Le Corps des gardiens de la Révolution islamique affirme avoir mené de nouvelles attaques contre des cibles américaines au Koweït et à Bahreïn. Le CGRI exhorte surtout des populations, dont leur pays accueille des troupes américaines, à se tenir immédiatement à au moins 500 mètres des sites dans lesquels sont stationnées les forces américaines.
Dans des communiqués distincts publiés vendredi 24 juillet, le CGRI a annoncé que ces frappes s’inscrivaient dans le cadre de la 27e vague de l’opération Nasr 2, en réponse à l’agression américaine en cours contre l’Iran.
Selon le communiqué, les forces armées iraniennes ont mené de lourdes attaques en lançant des drones avancés contre la base aérienne Ali Al Salem, utilisée par les États-Unis au Koweït. Un important dépôt de munitions a été détruit lors d’explosions successives.
Plus précisément, six grands hangars d’hébergement utilisés par le personnel de la base ont été entièrement détruits, alors que trois autres ont subi d’importants dégâts. De nombreux soldats américains ont également été tués ou blessés.
Le communiqué révèle que Washington a caché l’ampleur réelle de ses pertes sur le champ de bataille au cours des cinq mois de guerre, soulignant que des centaines de soldats américains ont été tués et beaucoup d’autres blessés.
Le CGRI a déclaré que l’évacuation quotidienne de soldats américains blessés par avion médical vers un hôpital américain en Allemagne reflète ces pertes, appelant les médias américains à enquêter sur le nombre réel de morts, les pertes militaires et le coût de la guerre qui ont été dissimulés au public américain.
Dans un communiqué distinct, le CGRI a indiqué avoir complété sa précédente opération contre un centre de données d’Amazon situé à Bahreïn, étant donné que celui-ci a été qualifié d’installation de renseignement clé pour l’armée américaine.

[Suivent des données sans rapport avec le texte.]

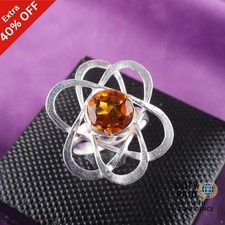 Valentines Deal Citrine Stone Band Wedding Wife Ring Jewelry 925 Sterling Silver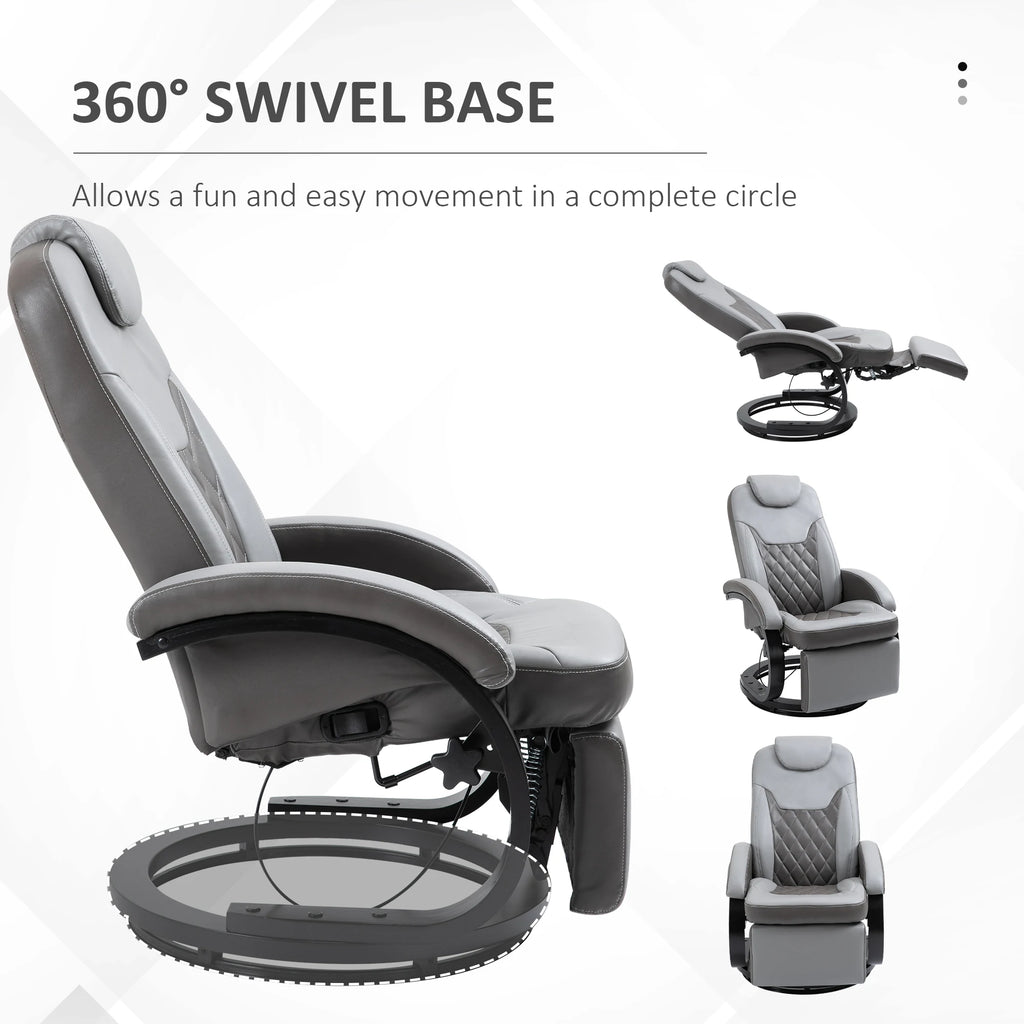 HOMCOM Manual Recliner, Swivel RV Recliner Chair with Footrest, Gray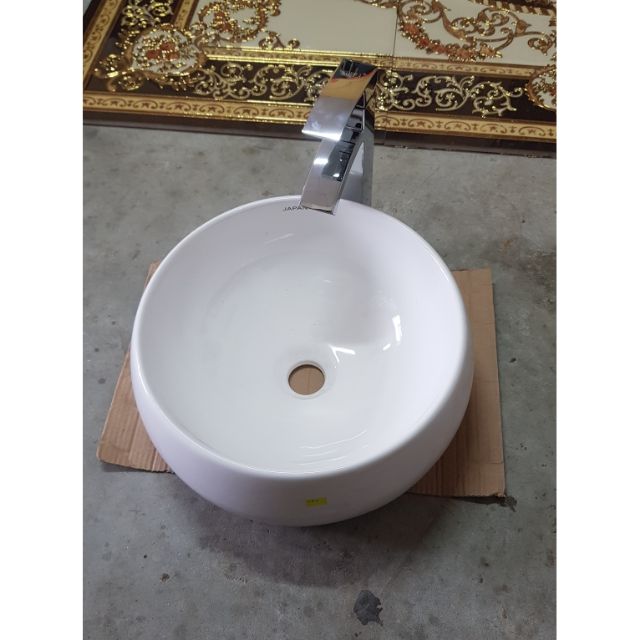 Chậu tròn lavabo bàn đá 40x40x16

En effet, cette installation avait été ciblée lors d’une précédente vague d’attaques de l’Iran, mais durant cette nouvelle vague d’attaques, le bâtiment restant sur le site a également été ciblé et détruit.
Le CGRI avait auparavant ciblé cette installation avec des missiles de croisière à la suite d’une attaque américaine contre le complexe nucléaire civil en construction de Dar Khoein.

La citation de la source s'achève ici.